A couple of months ago, The Economist suggested that Britain should move its capital from London to Manchester. Bagehot's case was partly based on short-term pragmatic grounds (i.e. the poor state of the Westminster facilities), but also on serious long-term political concerns. The latter were directly connected to the fundamental redefinition of the UK as a polity in the wake of Brexit and of the growing unease in Scotland. It is actually because of this ongoing process that London will certainly remain the capital of Britain in the foreseeable future: Brexit alone will make the government and the parliament way too busy in the next years, they will not be able to address such an additional issue.
Yet the case for moving the British capital to the North of England is not ill-conceived. "Look at Britain today and you see a country wracked by division": the political and economic divides between North and South, cities and countryside, London and the rest, are becoming deeper and deeper. These divides are clearly mirrored by the difficulties encountered by the main political parties in addressing the different realities of the UK with a coherent, convincing message. Especially for Labour, the dilemma is clear: messages that work in some areas of the country do not work – or are even counterproductive – in other areas.
While London will remain the British capital city, an interesting development is taking place in Central and Northern England these days. On May 4 the main urban areas have elected their mayors: for the first time ever, the greater areas of Manchester, Liverpool and Birmingham are now governed by single, visible, directly elected mayors – as it happens for London. It is a process in keeping with the devolution of powers begun some twenty years ago, and more specifically with the “Northern Powerhouse” project put forward by David Cameron's government. Under that scheme, the main urban areas could be given more powers and a more coherent governance.
Until now, British political life has either taken place at the level of local councils and constituencies, or at the national level. Contrary to all the other big European countries, in the UK cities and regions exist as mere social and cultural realities, they rarely manage to express their distinct voice and views in the larger political debate. As Jonn Elledge put it in The Guardian, «England is about as ludicrously over-centralised as a country can be without actually slipping into dictatorship.»

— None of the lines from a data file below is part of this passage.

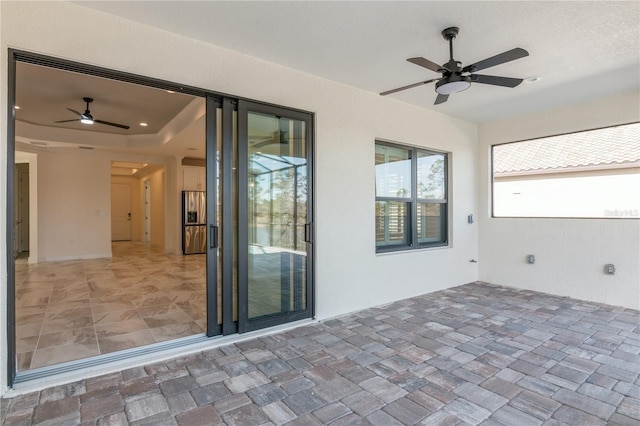 interior space with a tray ceiling and ceiling fan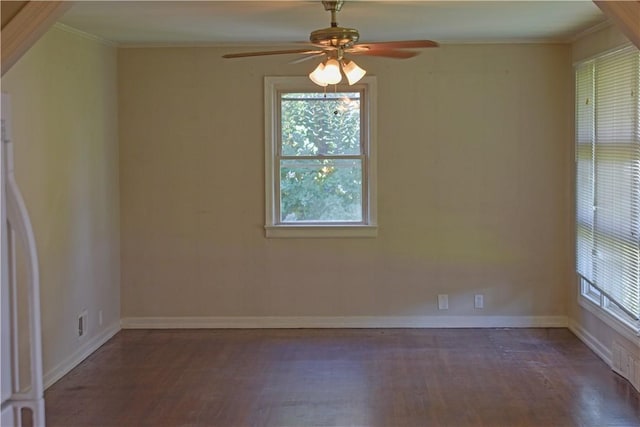 unfurnished room with ceiling fan, crown molding, and dark wood-type flooring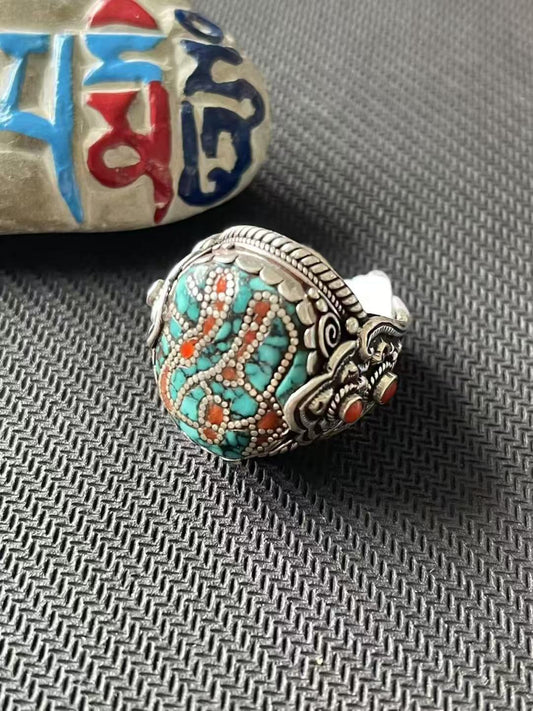 Handmade 925 silver turquoise ring inspired by Tibetan Buddhist Jewelry Culture, featuring intricate jewelry art and traditional hand-painted details.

It is largely thanks to the fact of having single representatives with a strong mandate that Scotland and London are the only entities which manage to enter the Brexit debate. The newly elected mayors of the big English urban areas will also be able to voice the concerns of their citizens, many of whom did vote to remain in the EU. They are expected to put forward a more open and dynamic vision of the future of the UK, challenging over-represented conservative views on the one hand and London's exceptionalism on the other. After all, cities like Manchester and Liverpool have already been some sort of global capitals in the past – from the slave trade to the industrial revolution, from the Beatles to football.

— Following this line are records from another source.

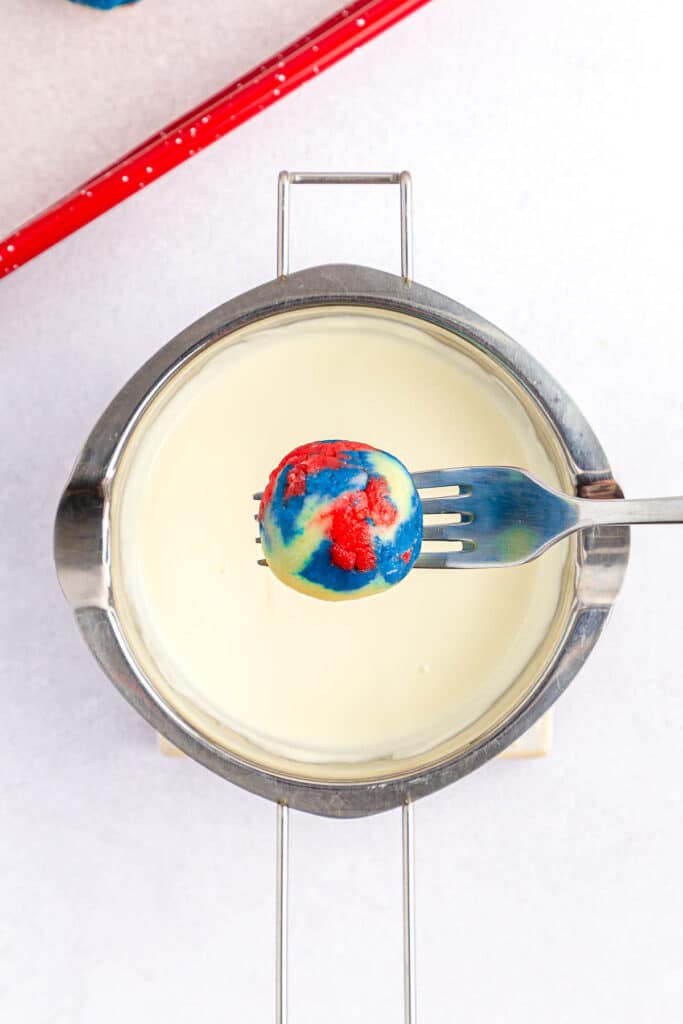 red white and blue cake ball being held over white melted candy wafers.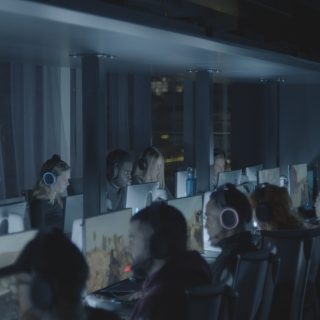 Two rows of people wearing headsets seated in front of computer screens playing a first person shooter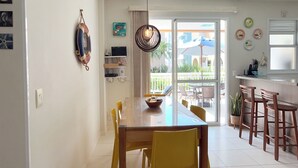 Une cuisine moderne avec un coin repas, comprenant une grande table, des chaises et une vue sur l’extérieur.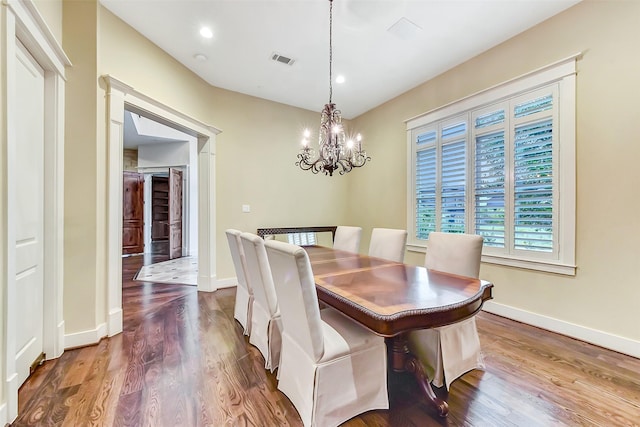 8305 Will Jordan Pkwy, Bellaire, TX 77401 - dining space featuring a chandelier, dark wood-type flooring, baseboards, and recessed lighting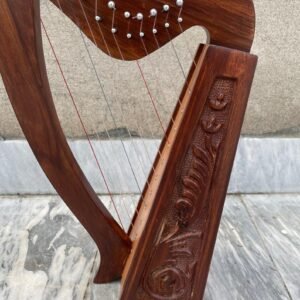 Handmade rosewood leverless Celtic folk harp featuring intricate floral wood carvings, curved pillar, and multicolored strings.
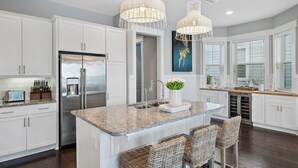A modern kitchen with white cabinetry, a stainless steel refrigerator, a granite countertop, and wicker bar stools. - Rosé Sunsets 6 Seaters Golf Cart and 5 Bikes, Heated Resort Pools, Pickleball Courts (Santa Rosa Beach)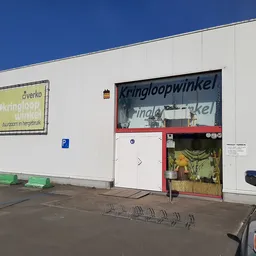 Witte gevel van kringloopwinkel met rode ingang en gele uithangbord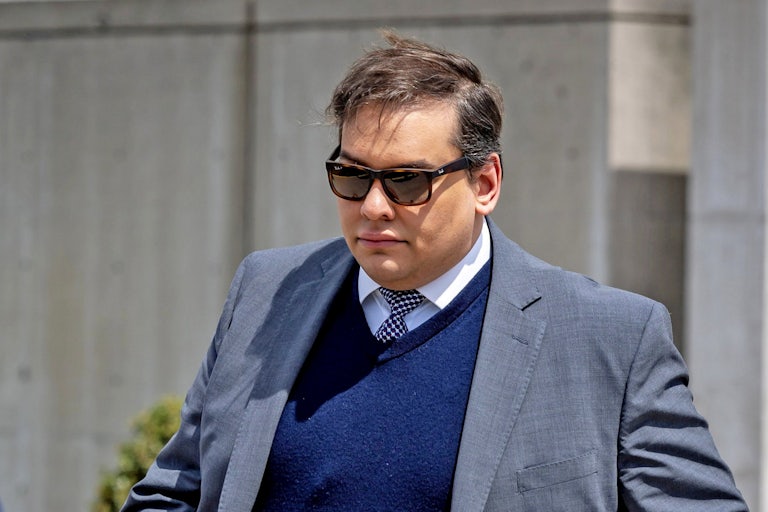 George Santos walks out of a courthouse in New York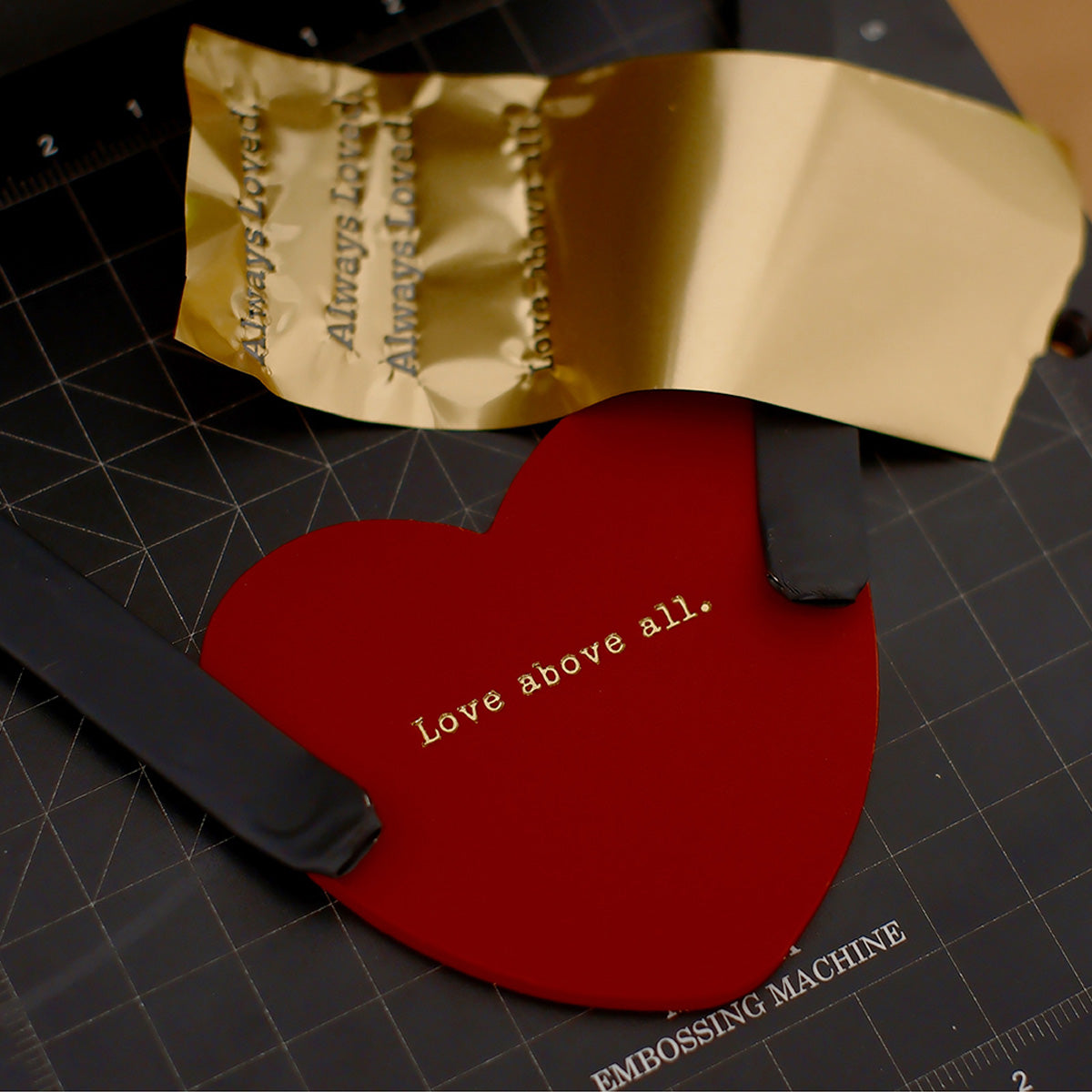 Red heart-shaped keychain with 'Love above all' embossed in gold foil, displayed alongside an embossing machine and gold foil material.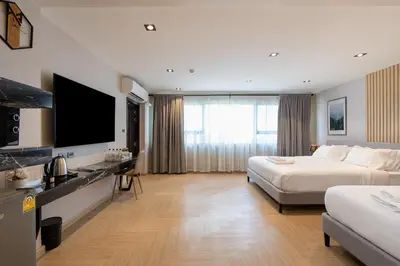 a hotel room with two beds and a flat screen tv at โรงแรมอินฟินิทเกษตร in Ban Yang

In his piece calling for the shift of the capital from London to Manchester, Bagehot makes one suggestive point: in Europe, "the countries where right-populists are doing best are those in which elites are concentrated in single geographical enclaves: Paris, Copenhagen, Stockholm, the Randstad, Vienna, Budapest. Those countries where the right-populists have done less well are those in which the elite is spread between two or more centres: Germany, Canada, Australia, Spain, Belgium (and indeed Scotland)." There are probably other factors at play, but geography does matter. To be sure, physical geography cannot be changed: Britain is bound to remain an island – but political geography can be changed indeed, and mayoral elections may matter in this respect.